Par Sandra Embollo
La condamnation de David McBride divise les Australiens. D’un côté, aux yeux des juges, David McBride a mis en danger la sécurité nationale et sapé la confiance des alliés. En revanche, pour ses partisans, cet ex-avocat militaire est un courageux lanceur d’alerte qui a permis de révéler des crimes de guerre longtemps étouffés par les généraux.
L’accusé, lui, persiste et signe. Le 14 mai, David McBride est entré dans le tribunal le poing levé et en est sorti en déclarant :« Je n’ai jamais été aussi fier d’être citoyen australien. » Devant les juges, l’accusé a bel et bien avoué avoir d’abord volé des caissons entiers de documents, pour une grande partie classés « secret défense », pour ensuite les remettre à des journalistes d’investigation. 235 documents en tout, selon l’accusation. Mais, même jugé coupable, David McBride persiste et signe : « Oui, peut-être j’ai enfreint des lois, a-t-il déclaré, mais pas mon serment vis-à-vis du peuple australien et des soldats qui assurent notre sécurité. »

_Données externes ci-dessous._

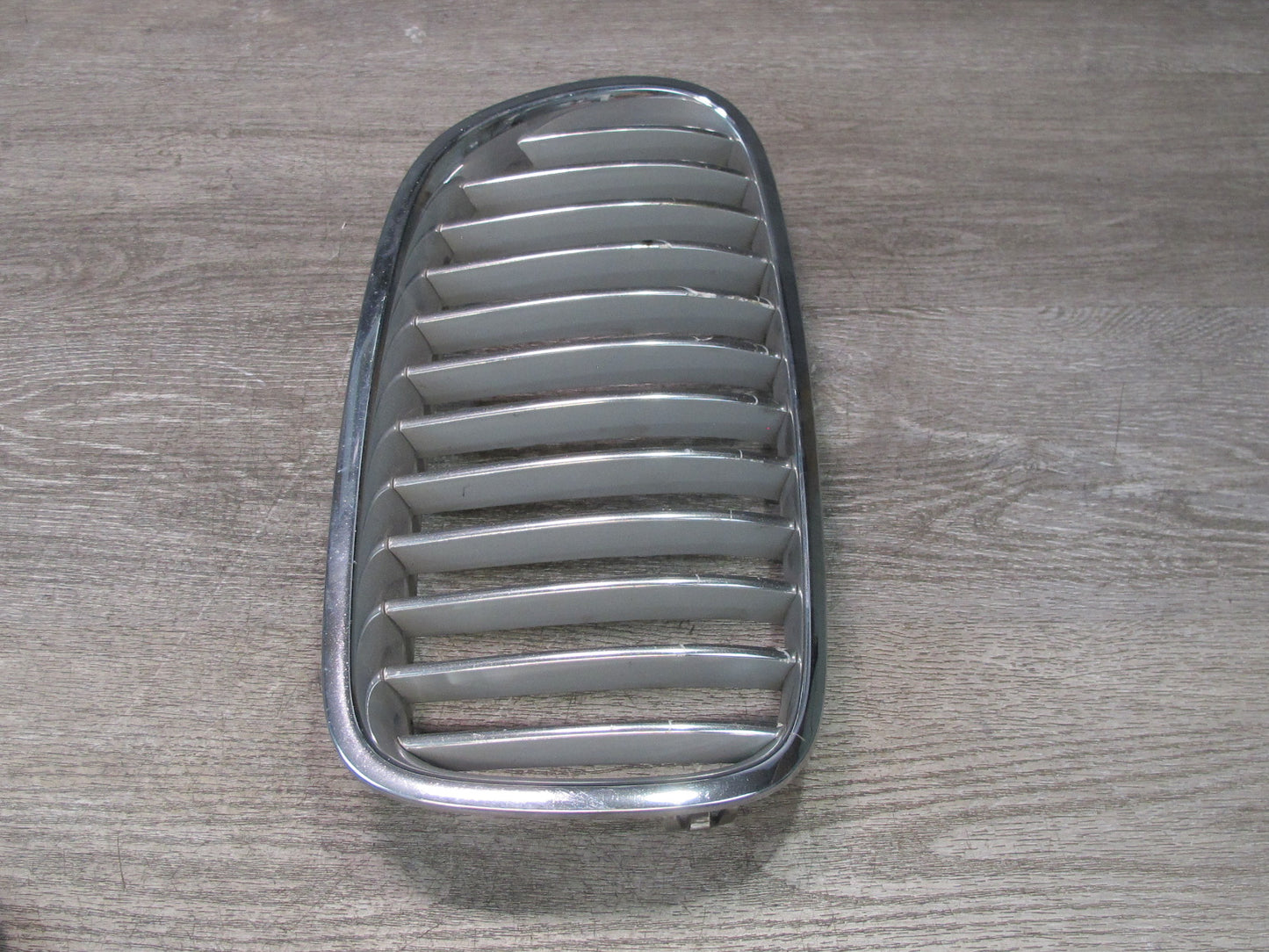 11-13 BMW F10 550i 550iX Front Left & Right Bumper Kidney Grille Chrome OEM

En fait, les documents en question ont permis à des journalistes de révéler l’un des plus gros scandales dans l’histoire de l’armée australienne. La chaine de télévision ABC en a fait une série de sept épisodes en 2017, les « Afghan Files » ou « Dossiers afghans ». Les Australiens y ont appris, stupéfaits, que des membres des forces d’élite avaient tué, en 2013, des civils afghans non armés, y compris des enfants. Des révélations qui ont par la suite forcé l’armée à enquêter sur ces bavures.
Bilan honteux
Mais il a fallu attendre 2020 pour que l’armée sorte un rapport, preuves à l’appui : les troupes australiennes ont tué en toute illégalité 39 prisonniers, paysans et autres civils. Le général Angus Campbell, à l’époque chef des forces armées, a alors présenté ses excuses au peuple afghan et parlé d’un « bilan honteux ». Tout juste arrivé sur le terrain des combats en Afghanistan, certains soldats ont dû passer par une sorte de bizutage, surnommé « blooding » ou « saignement », un rituel d’initiation traditionnellement lié à la chasse au renard. Les soldats ont été forcés par leurs camarades à tirer sur des prisonniers afin de commettre leur premier meurtre.
Des procédures sont en cours, mais jusqu’à présent, aucun des soldats n’a encore été jugé. C’est justement cela qui met en colère les défenseurs des droits humains, comme la directrice locale de l’Ong Human Rights Watch. Pour Daniela Gavshon, c’est « une tache sur la réputation de l’Australie que la première personne reconnue coupable de ces crimes soit un lanceur d’alerte et non les auteurs de ces crimes ».